We focus first on the network. The 5x5 input projects to a hidden layer of 20 units, which are all fully connected to the input with random initial weights.
- As usual, select r.wt and view the weights for these units.
Because viewing the pattern of weights over all the hidden units will be of primary concern as the network learns, we have a special grid view showing on the upper left of the network display, which displays the weights for all hidden units. In addition, there is a graph view in the upper right, which will display key information as the network learns.
Let's see the environment the network will be experiencing.
- Click the .T3Tab.Lines_Input_Data tab in the right 3D view window.

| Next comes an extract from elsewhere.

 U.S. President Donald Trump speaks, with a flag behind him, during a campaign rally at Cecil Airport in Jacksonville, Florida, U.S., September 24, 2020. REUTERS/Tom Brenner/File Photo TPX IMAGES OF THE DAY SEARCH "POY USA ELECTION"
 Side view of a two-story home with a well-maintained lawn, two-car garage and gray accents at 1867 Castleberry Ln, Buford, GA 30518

This will bring up a display showing the first 10 training items on the left, which are composed of the elemental horizontal and vertical lines shown in the grid view display on the right. You can use the narrow violet scrollbar for the left grid view to scroll through all 45 of the patterns (you have to click the red arrow first to be able to grab the scrollbar). These 45 input patterns represent all unique pairwise combinations of vertical and horizontal lines. Thus, there are no real correlations between the lines, with the only reliable correlations being between the pixels that make up a particular line. To put this another way, each line can be thought of as appearing in a number of different randomly related contexts (i.e., with other lines).
It should be clear that if we computed the correlations between individual pixels across all of these images, everything would be equally (weakly) correlated with everything else. Thus, learning must be conditional on the particular type of line for any meaningful correlations to be extracted. We will see that this conditionality will simply self-organize through the interactions of the learning rule and the kWTA inhibitory competition. Note also that because two lines are present in every image, the network will require at least two active hidden units per input, assuming each unit is representing a particular line.

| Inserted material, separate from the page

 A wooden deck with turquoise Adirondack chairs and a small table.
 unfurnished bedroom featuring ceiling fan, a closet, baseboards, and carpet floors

- Click back to the .T3Tab.Network display, and return to viewing act in the network window. Then, hit Init (say Yes to initializing the weights) and Step in the control panel, to present a single pattern to the network.

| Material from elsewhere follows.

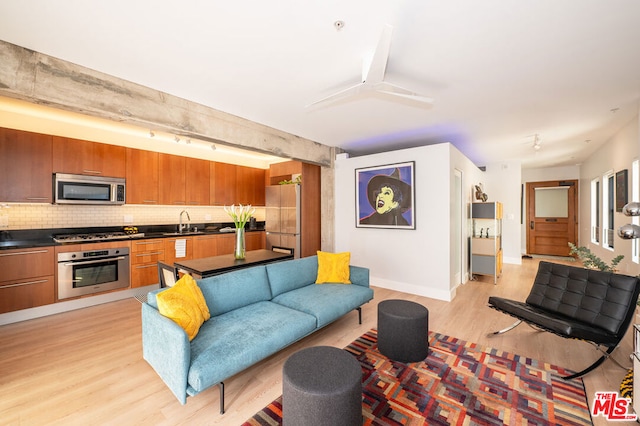 living room with light hardwood / wood-style floors and sink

You should see one of the event patterns containing two lines in the input of the network, and a pattern of roughly two active hidden units.
The hidden layer is using the average-based kWTA inhibition function, with the k parameter set to 2 as you can see in the kwta.k parameter in the control panel. This function allows for some variability of actual activation level depending on the actual distribution of excitation across units in the hidden layer. Thus, when more than two units are active, these units are being fairly equally activated by the input pattern due to the random initial weights not being very selective. This is an important effect, because these weaker additional activations may enable these units to bootstrap into stronger activations through gradual learning, should they end up being reliably active in conjunction with a particular input feature (i.e., a particular line in this case).
- You can Step some more. When you tire of single stepping, just press the Run button on the control panel. You may want to turn off the Display in the network (in the network view panel, .PanelTab.Network).
After 30 epochs (passes through all 45 different events in the environment) of learning, the network will stop. You should have noticed that the grid weights view was updated as the training proceeded. This grid view display shows all of the network's weights (figure 4.13 in the textbook shows an example). The larger-scale 5x4 grid is topographically arranged in the same layout as the network. Within each of these 20 grid elements is a smaller 5x5 grid representing the input units, showing the weights for each unit. By clicking on the hidden units in the network window with the r.wt variable selected, you should be able to verify this correspondence.
As training proceded, the weights came to more and more clearly reflect the lines present in the environment (figure 4.13). Thus, individual units developed selective representations of the correlations present within individual lines, while ignoring the random context of the other lines.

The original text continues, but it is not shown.